Performance modeling and multi-objective optimization during turning AISI 304 stainless steel using coated and coated-microblasted tools

Introduction. High-speed machining of stainless steel has long been a focus of research. Due to characteristics such as low thermal conductivity and work hardening, AISI 304 is considered to be a difficult material to cut. Machinability indicators provide important information about the efficiency and effectiveness of the machining process, enabling manufacturers to optimize their operations for increased productivity and precision. The purpose of the work. Coated carbide tools are most often used for machining AISI 304 stainless steel. Few studies, meanwhile, have examined the effects of pre-and post-treated coated carbide tools when turning these alloys at high speeds. In addition, only a small number of studies have simultaneously optimized the cutting parameters while employing pre -and post-treated tools. The methods of investigation. The present work comparatively evaluates the performance of coated and coated-microblasted tools during the turning of AISI 304 stainless steel. The tools were PVD-AlTiN coated, PVD-AlTiN coated with microblasting as a post-treatment (coated-microblasted), and MTCVD-TiCN/Al2O3 coated (MTCVD). The experimental-based mathematical models were developed to predict and optimize the turning performance. Results and Discussion. In this study, it is found that PVD-AlTiN coated tools have the lowest cutting forces and surface roughness, followed by PVD-AlTiN coated-microblasted and MTCVD-TiCN/Al2O3 coated tools.

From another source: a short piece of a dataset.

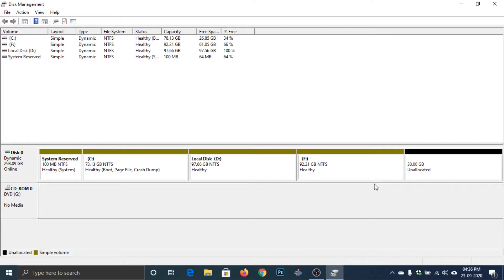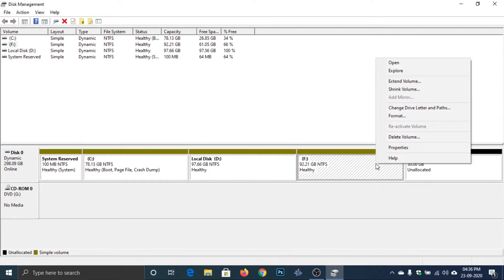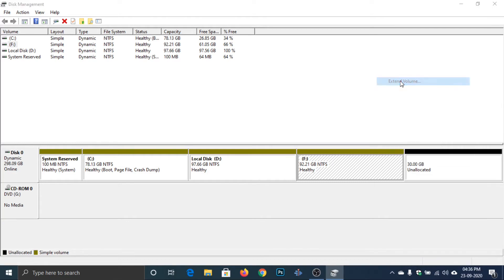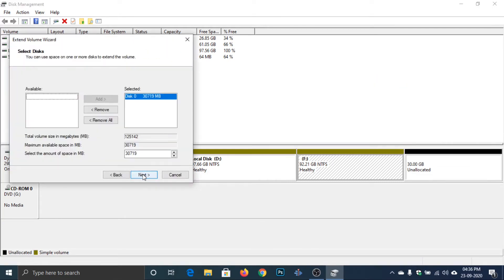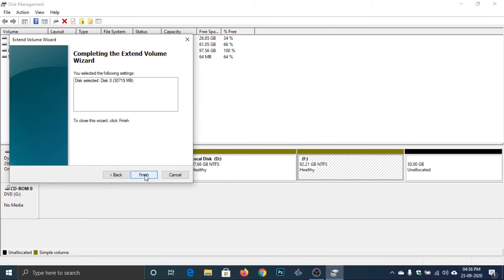Right-click on the volume appearing just before the unallocated disk space. Then click on Extend Volume, click Next, click Next again, then click Finish.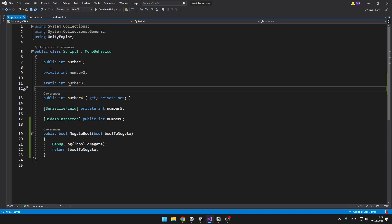Right now you might be a bit confused about what the public, private, static and all of that stuff means. You usually use it when you are creating a variable, void or a class. I will teach you everything you need to know about the accessibility of variables and voids.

However, there is no significant difference observed in these responses for coated and coated-microblasted tools. It is found that the cutting forces increased with feed and depth of cut while decreasing with cutting speed. However, this effect is significant for MTCVD-coated tools. On the other hand, higher tool life is observed with MTCVD-TiCN/ Al2O3 coated tools, followed by PVD AlTiN coated-microblasted and PVD-AlTiN coated tools. Tool life was largely affected by cutting speed. However, PVD-AlTiN coated tools exhibited this effect more noticeably. The models, with correlation coefficients found above 0.9, can be utilized to predict responses in turning AISI 304 stainless steel. The optimization study revealed that turning AISI 304 stainless steel with MTCVD-TiCN/Al2O3 coated tools incurs lower cutting forces of 18-27 N, produces a minimum surface roughness of 0.3-0.44 mu m, and has a better tool life of 36-51 min compared to PVD-AlTiN coated (C) and PVD-AlTiN coated-microblasted (CMB) tools.